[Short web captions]
+ + + +

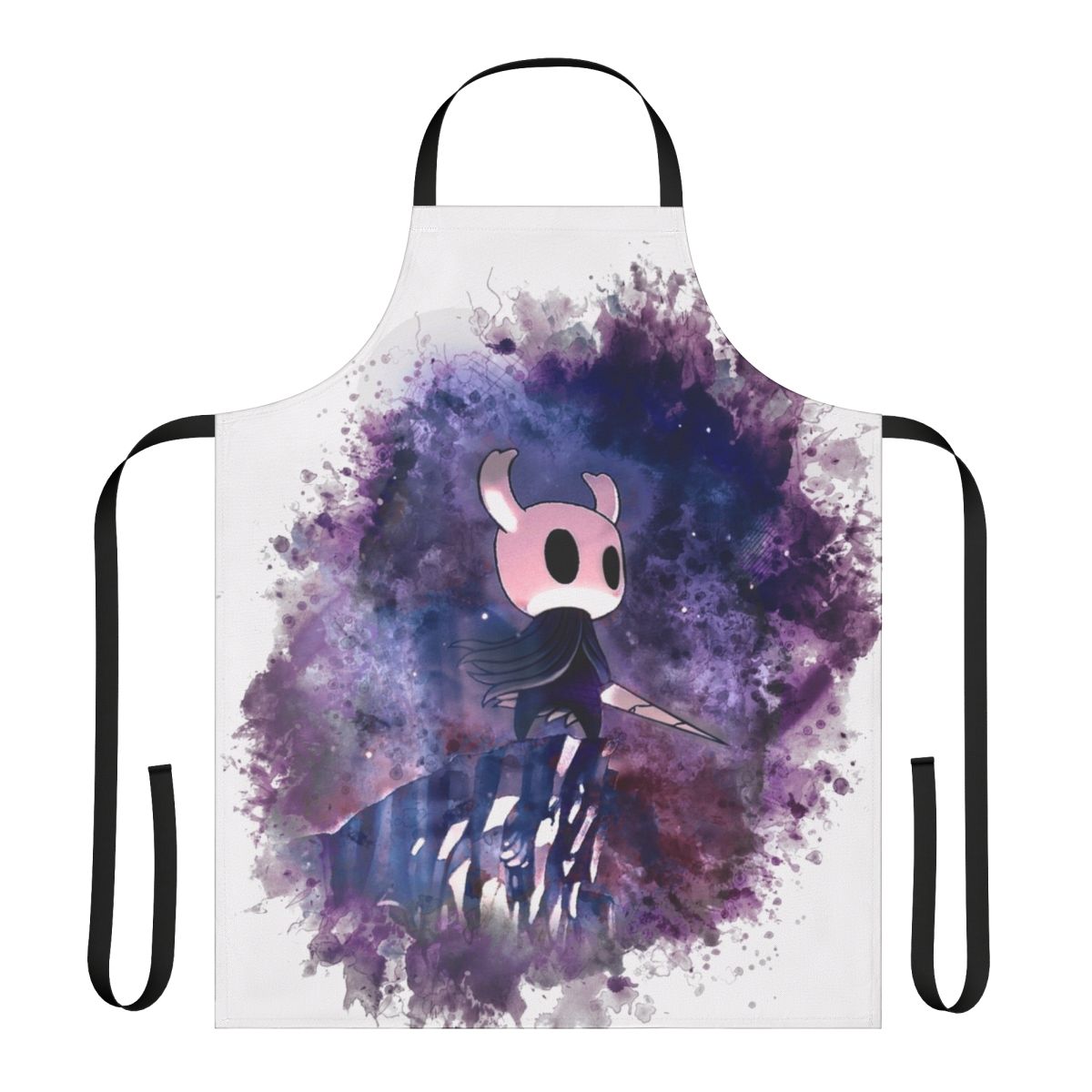 Hollow Knight fan art inspired apron with the knight protagonist character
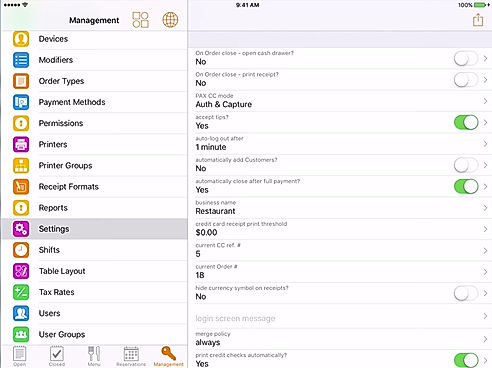 Ambur screenshot:  Setup system settings, permissions, payment methods, modifiers, shifts and more from the management menu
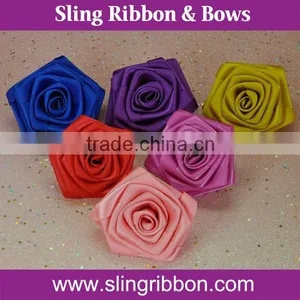 2015 High Quality Cheap Wholesale Artifical Ribbon Flowers For Valentine's Day thumbnail-1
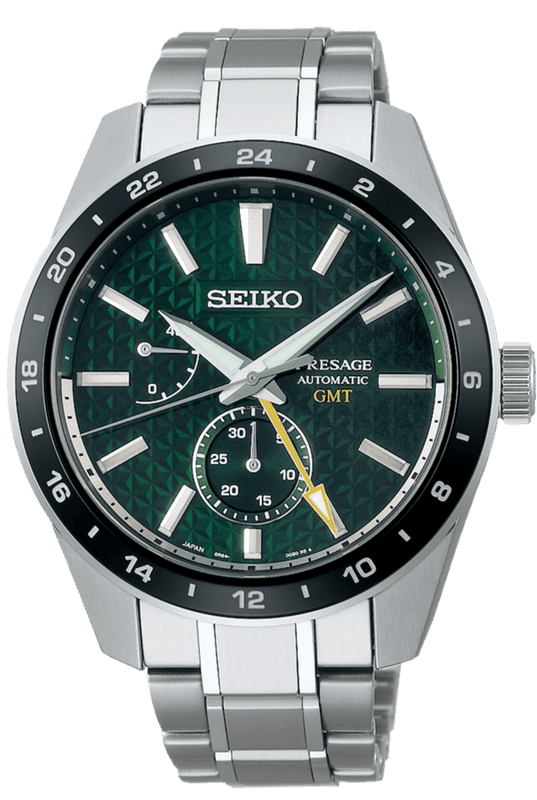 Buy Shop Seiko Presage Sharp Edged Series GMT Green Dial Silver Steel Strap Watch For Men - SPB219J1 USA Online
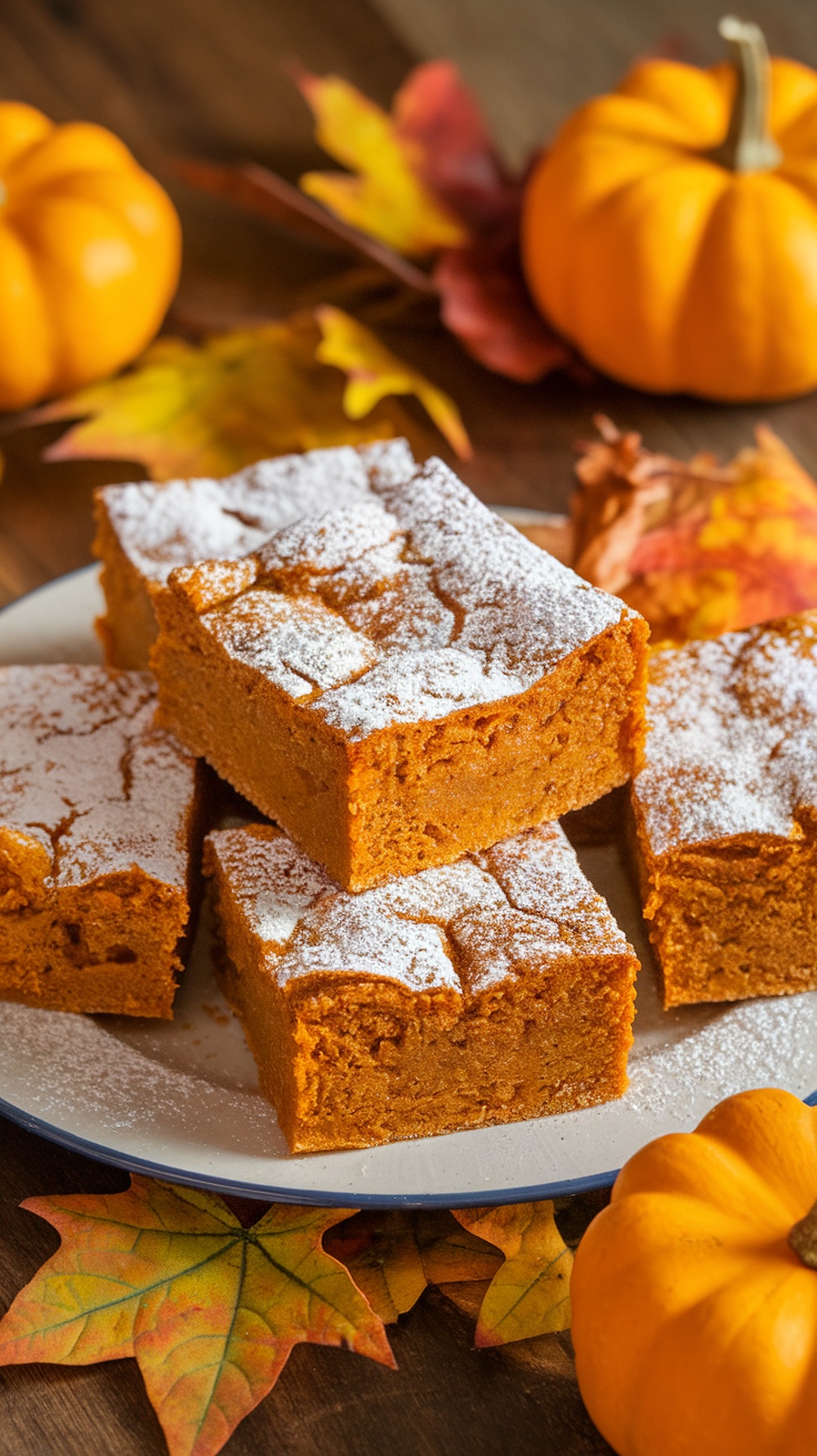 Gluten-Free Pumpkin Bars Recipe Delicious gluten-free pumpkin bars on a plate, garnished with powdered sugar and surrounded by autumn decorations.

+ + + +

### Task statement
Please print every record exactly, leaving out the pictures.

### Expected answer
 Hollow Knight fan art inspired apron with the knight protagonist character
 Ambur screenshot:  Setup system settings, permissions, payment methods, modifiers, shifts and more from the management menu
 2015 High Quality Cheap Wholesale Artifical Ribbon Flowers For Valentine's Day thumbnail-1
 Buy Shop Seiko Presage Sharp Edged Series GMT Green Dial Silver Steel Strap Watch For Men - SPB219J1 USA Online
 Gluten-Free Pumpkin Bars Recipe Delicious gluten-free pumpkin bars on a plate, garnished with powdered sugar and surrounded by autumn decorations.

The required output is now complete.